March 4, 2026

Real-Time Crypto Insights, News And Articles

Bitcoin tops equity markets as risk aversion deepens on day three of Iran conflict.

Bitcoin rebounded to around $66,500 after a turbulent weekend in which geopolitical shocks tied to Iran sparked roughly $300 million in crypto liquidations. While oil prices surged and equity futures weakened, several DeFi tokens showed notable resilience.

The largest digital asset has gained 1.1% since midnight UTC and is up more than 5% from its weekend low near $63,000. Despite last week’s volatility — with price swings between $70,000 and $62,500 — bitcoin continues to trade within the broader range that has persisted since early February.

The weekend’s price action followed military strikes that reportedly killed Iran’s Supreme Leader, Ali Khamenei, prompting retaliatory attacks and raising concerns about potential disruptions to shipping through the Strait of Hormuz, a vital artery for global oil and LNG flows.

According to trading firm QCP, the initial market reaction triggered approximately $300 million in long liquidations. However, the extent of forced selling was relatively moderate, suggesting traders had already adjusted positioning in anticipation of heightened volatility.

Traditional markets reacted sharply. Gold and silver climbed to their highest levels in over a month, while oil jumped 13% to $82 per barrel — the strongest reading since July 2024. U.S. equity index futures moved lower, with S&P 500 and Nasdaq 100 contracts falling 1.1% and 1.5%, respectively, since midnight UTC.

Importantly, the bulk of crypto’s losses occurred on Saturday while U.S. markets were closed, indicating the asset class absorbed much of the shock ahead of traditional financial markets reopening.

Derivatives landscape

Positioning data suggest stress remains contained. Total crypto futures open interest has slipped 2% to $93.78 billion, still above the recent low of $92.40 billion.

More than $300 million in leveraged trades were liquidated over a 24-hour period, with bullish positions accounting for the majority. Perpetual funding rates for bitcoin and ether have edged slightly negative, signaling a mild bearish bias but no signs of capitulation.

Volatility metrics reinforce that view. Bitcoin’s 30-day annualized implied volatility index (BVIV) remains steady at approximately 58.8%, within last week’s range. Ether’s volatility index shows similar stability.

On Deribit, short-dated bitcoin puts traded at an 8%–10% implied volatility premium over calls, reflecting elevated demand for downside protection. The $60,000 put remains the most actively traded contract, with block flows highlighting interest in put spreads.

Token performance

The broader altcoin market largely mirrored bitcoin’s moves, though certain DeFi tokens outperformed. Lending protocol token MORPHO extended its strong two-week run, rising 5% over the past 24 hours and 2.6% since midnight UTC.

Other decentralized finance tokens, including JUP, AAVE and LDO, also posted gains, suggesting speculative appetite remains intact despite the broader flight toward traditional safe havens.

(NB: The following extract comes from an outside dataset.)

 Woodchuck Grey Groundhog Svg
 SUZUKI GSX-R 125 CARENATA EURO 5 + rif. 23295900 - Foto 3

Hyperliquid’s HYPE token surged more than 29% on Saturday, breaking its February downtrend. Although it slipped 3.8% on Monday, it continues to hold above the key $30 support level.

In contrast, WLFI — the DeFi token associated with U.S. President Donald Trump’s family — extended its decline, falling 2.5% since midnight and more than 44% from mid-January highs amid a pattern of lower highs and lower lows.

Among CoinDesk’s sector benchmarks, the DeFi Select (DFX) Index was the only one in positive territory over the past 24 hours. The Computing Select Index (CPUS) and the Smart Contract Platform Select Capped Index (SCPXC) were the weakest performers, declining 1.87% and 1.71%, respectively.